[THE PROBLEM]
The job is to output each record exactly as it stands, pictures excluded.

Items from a dataset
--- START ---
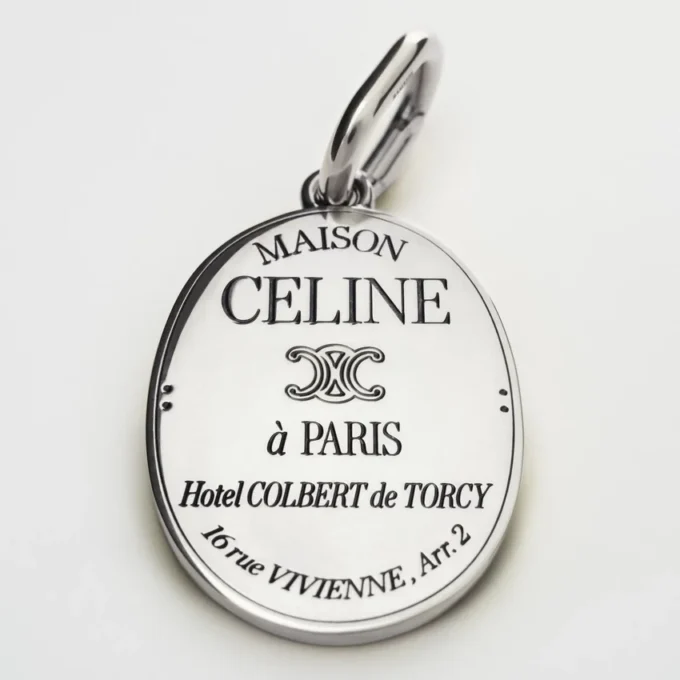 Charms CELINE-medalj i mässing med rodiumfinish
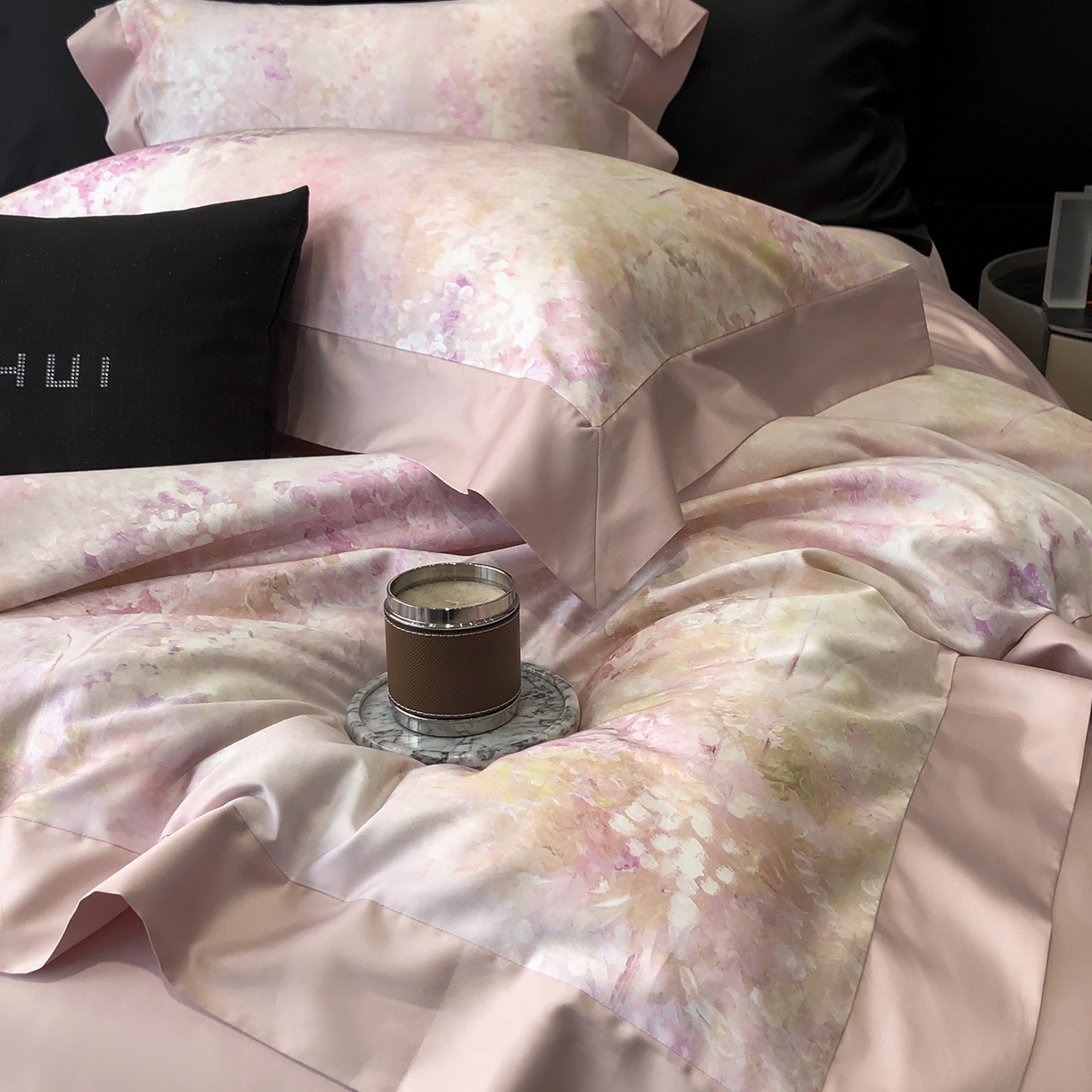 91家纺网 家纺一手货源 找家纺 太古汇家居 2026新款高支高密长绒棉专版数码印花四件套-会员260/280 券后控价——券后不低于348（严格按照控价） 沁园花语-粉色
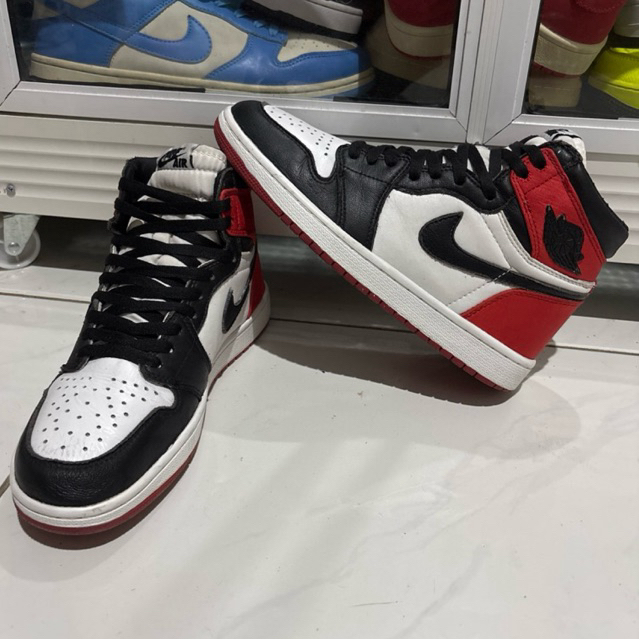 AJ 1 Retro High Satin Black Toe size 41/265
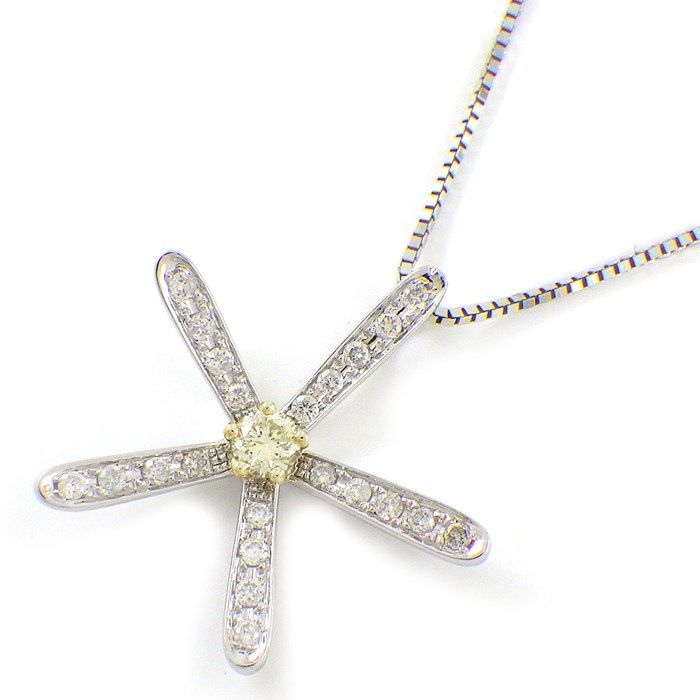Exquisite Diamond Flower Motif Necklace in K18 Gold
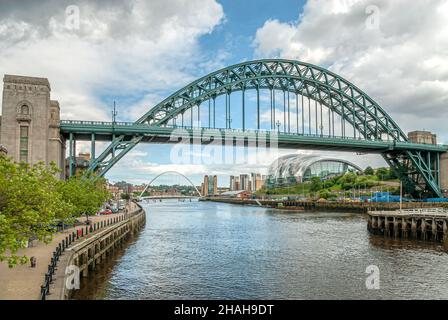 Vue à travers le pont Tyne reliant Newcastle upon Tyne et Gateshead, Angleterre, Royaume-Uni Banque D'Images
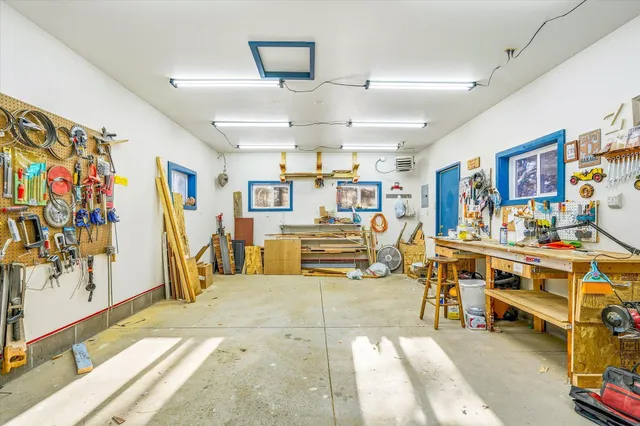 $339,900 | 6037 Aztec Trail, North Branch, MN 55056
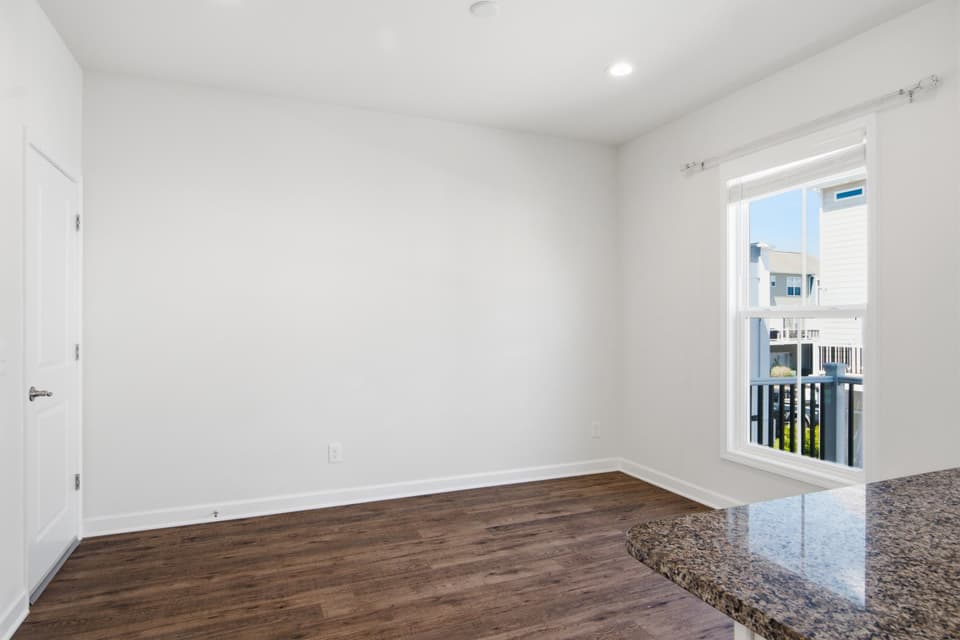300 Hamilton Avenue NW, photo 19 of 40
--- END ---
[WRITTEN RESPONSE]
 Charms CELINE-medalj i mässing med rodiumfinish
 91家纺网 家纺一手货源 找家纺 太古汇家居 2026新款高支高密长绒棉专版数码印花四件套-会员260/280 券后控价——券后不低于348（严格按照控价） 沁园花语-粉色
 AJ 1 Retro High Satin Black Toe size 41/265
Exquisite Diamond Flower Motif Necklace in K18 Gold
 Vue à travers le pont Tyne reliant Newcastle upon Tyne et Gateshead, Angleterre, Royaume-Uni Banque D'Images
 $339,900 | 6037 Aztec Trail, North Branch, MN 55056
300 Hamilton Avenue NW, photo 19 of 40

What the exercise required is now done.